### TASK BRIEF
At the line containing "Russell Premium Ladies", begin an exact copy, and continue through the last line of the entries below. Leave out any pictures.

### DATA LISTING

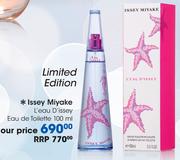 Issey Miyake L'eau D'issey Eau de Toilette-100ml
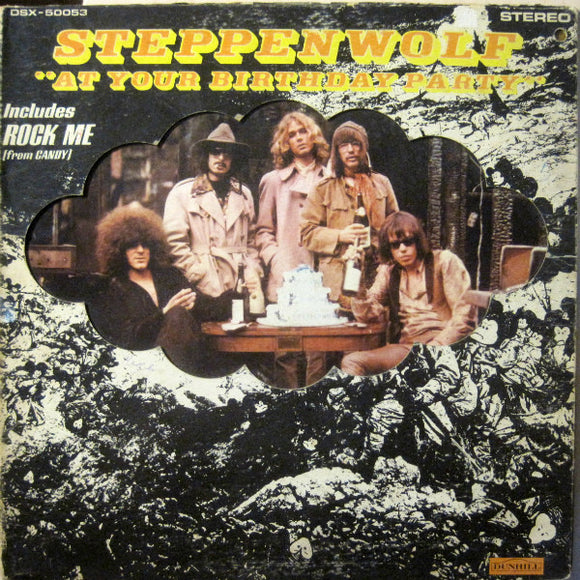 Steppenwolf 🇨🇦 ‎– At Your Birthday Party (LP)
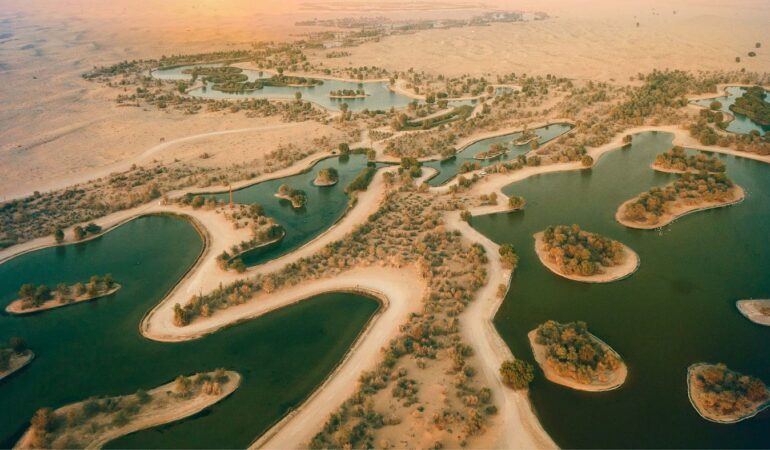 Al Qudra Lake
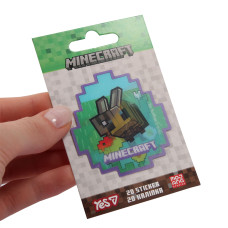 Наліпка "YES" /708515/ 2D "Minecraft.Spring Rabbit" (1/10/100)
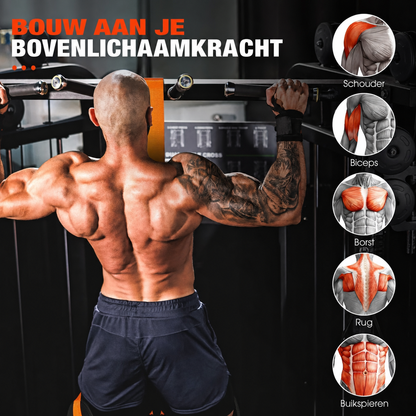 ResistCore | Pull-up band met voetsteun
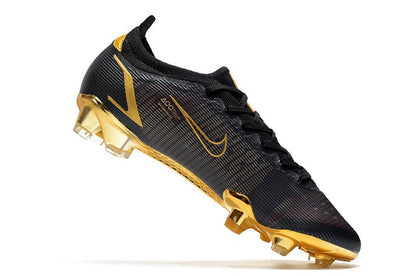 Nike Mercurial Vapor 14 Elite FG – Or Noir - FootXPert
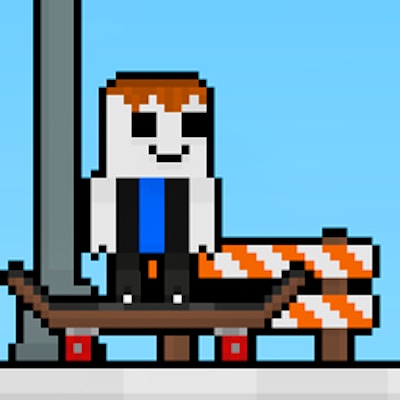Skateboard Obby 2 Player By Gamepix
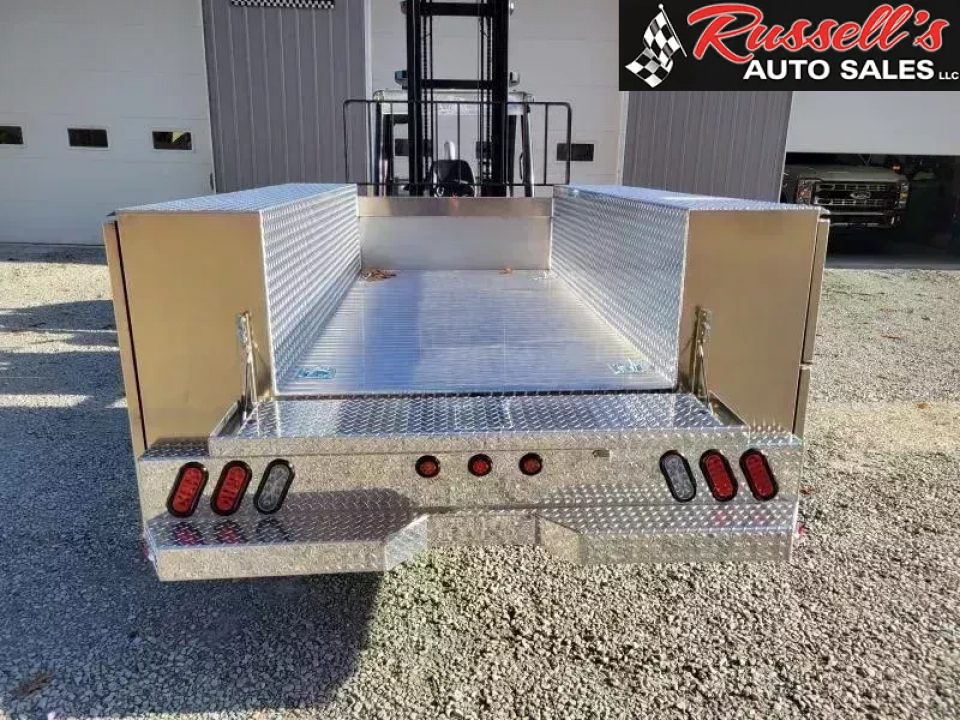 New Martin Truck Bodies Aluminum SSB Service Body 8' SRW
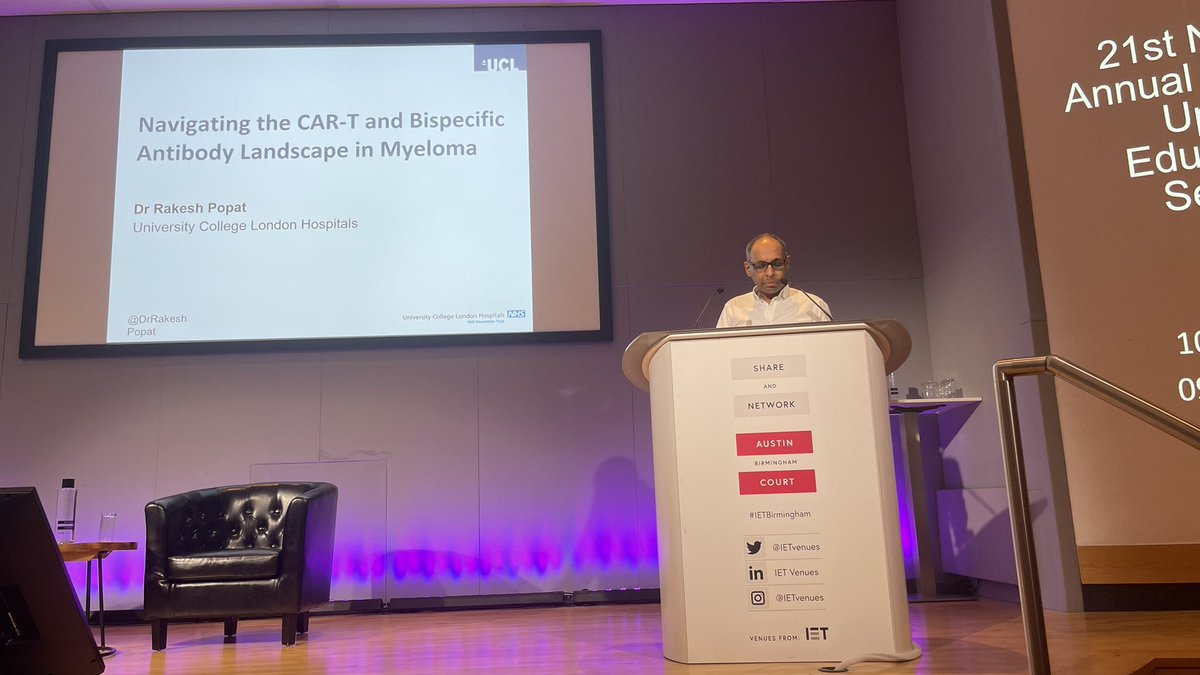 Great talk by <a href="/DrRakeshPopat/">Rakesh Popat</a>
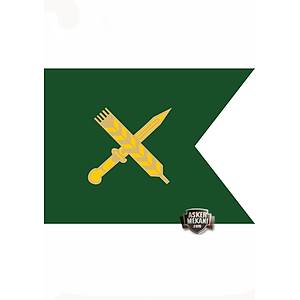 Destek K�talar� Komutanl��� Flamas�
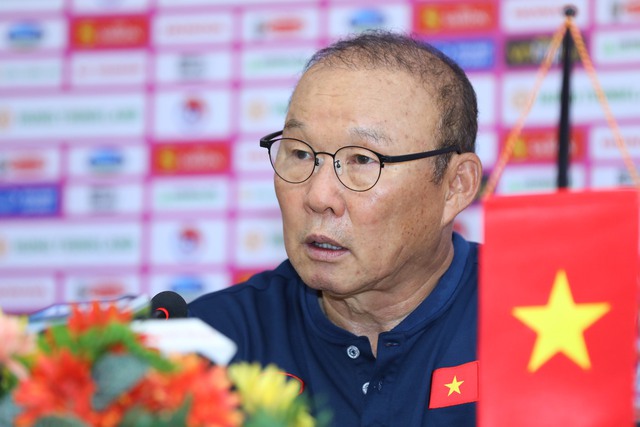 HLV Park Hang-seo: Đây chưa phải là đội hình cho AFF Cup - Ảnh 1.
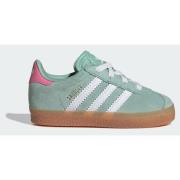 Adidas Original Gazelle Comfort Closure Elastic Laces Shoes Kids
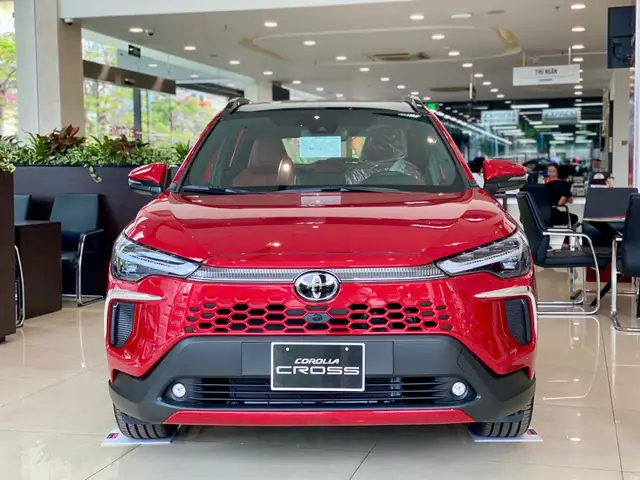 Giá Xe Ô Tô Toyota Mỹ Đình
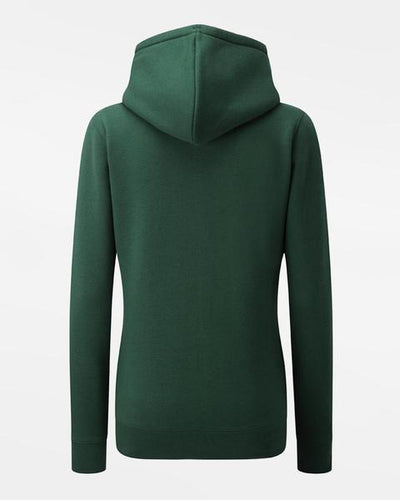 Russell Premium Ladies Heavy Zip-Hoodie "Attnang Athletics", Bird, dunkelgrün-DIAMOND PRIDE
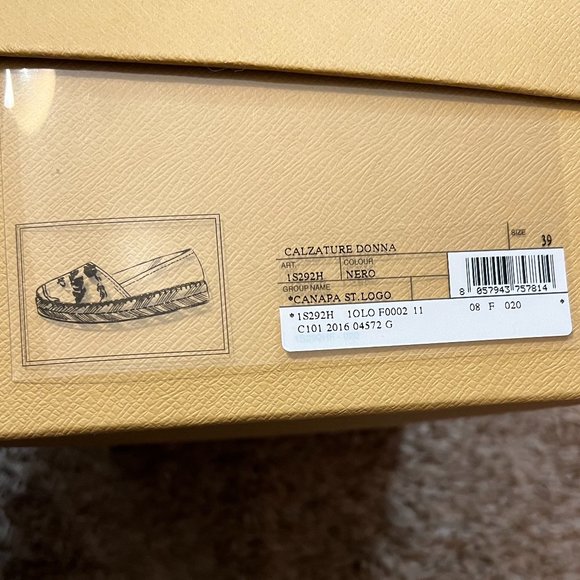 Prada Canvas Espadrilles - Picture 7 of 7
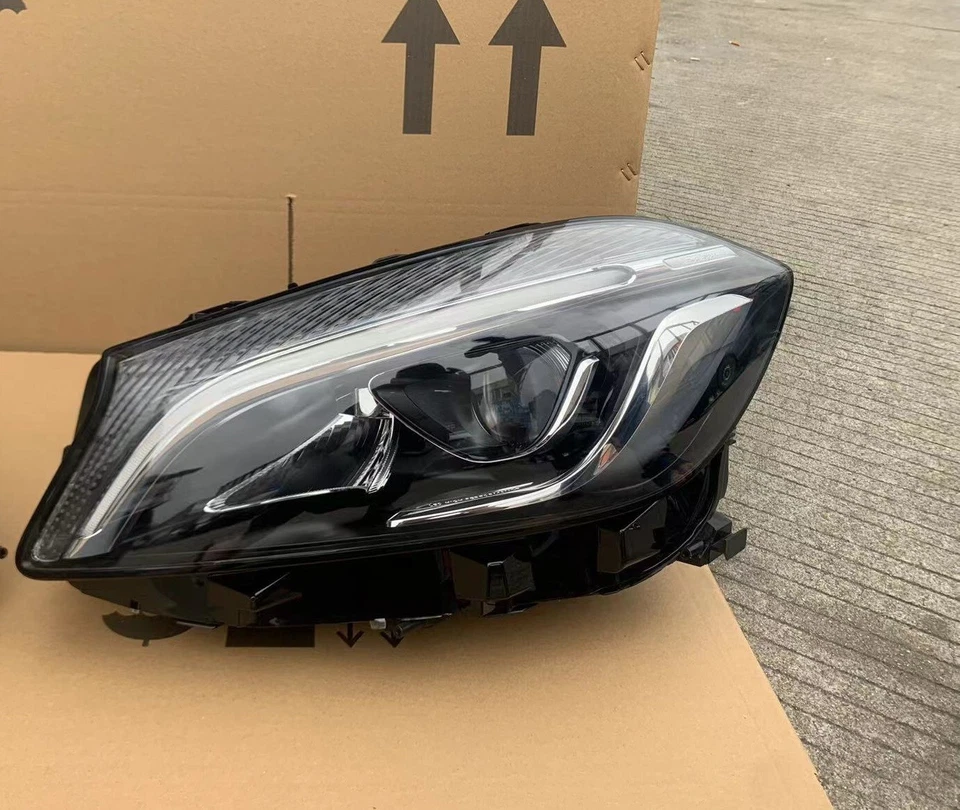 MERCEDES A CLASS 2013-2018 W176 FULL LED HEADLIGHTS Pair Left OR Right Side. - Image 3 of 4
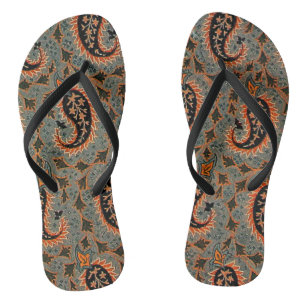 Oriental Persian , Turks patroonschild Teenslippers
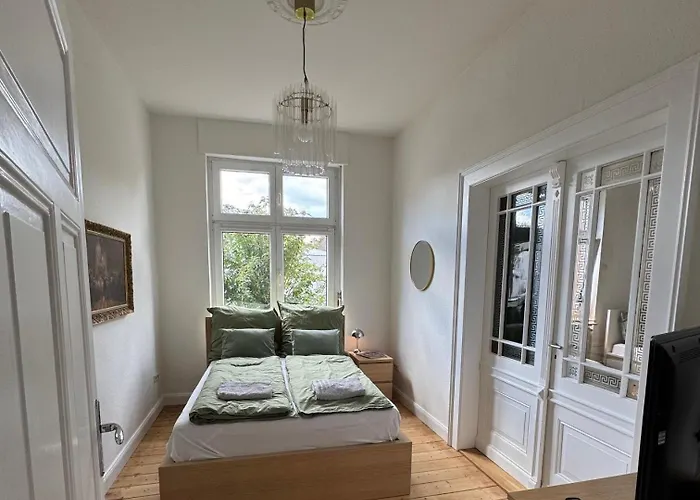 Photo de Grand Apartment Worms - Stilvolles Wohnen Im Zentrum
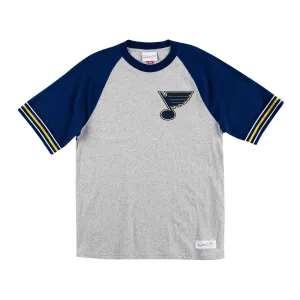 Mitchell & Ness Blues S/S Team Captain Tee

### ANSWER BOX
 Russell Premium Ladies Heavy Zip-Hoodie "Attnang Athletics", Bird, dunkelgrün-DIAMOND PRIDE
 Prada Canvas Espadrilles - Picture 7 of 7
 MERCEDES A CLASS 2013-2018 W176 FULL LED HEADLIGHTS Pair Left OR Right Side. - Image 3 of 4
 Oriental Persian , Turks patroonschild Teenslippers
 Photo de Grand Apartment Worms - Stilvolles Wohnen Im Zentrum
 Mitchell & Ness Blues S/S Team Captain Tee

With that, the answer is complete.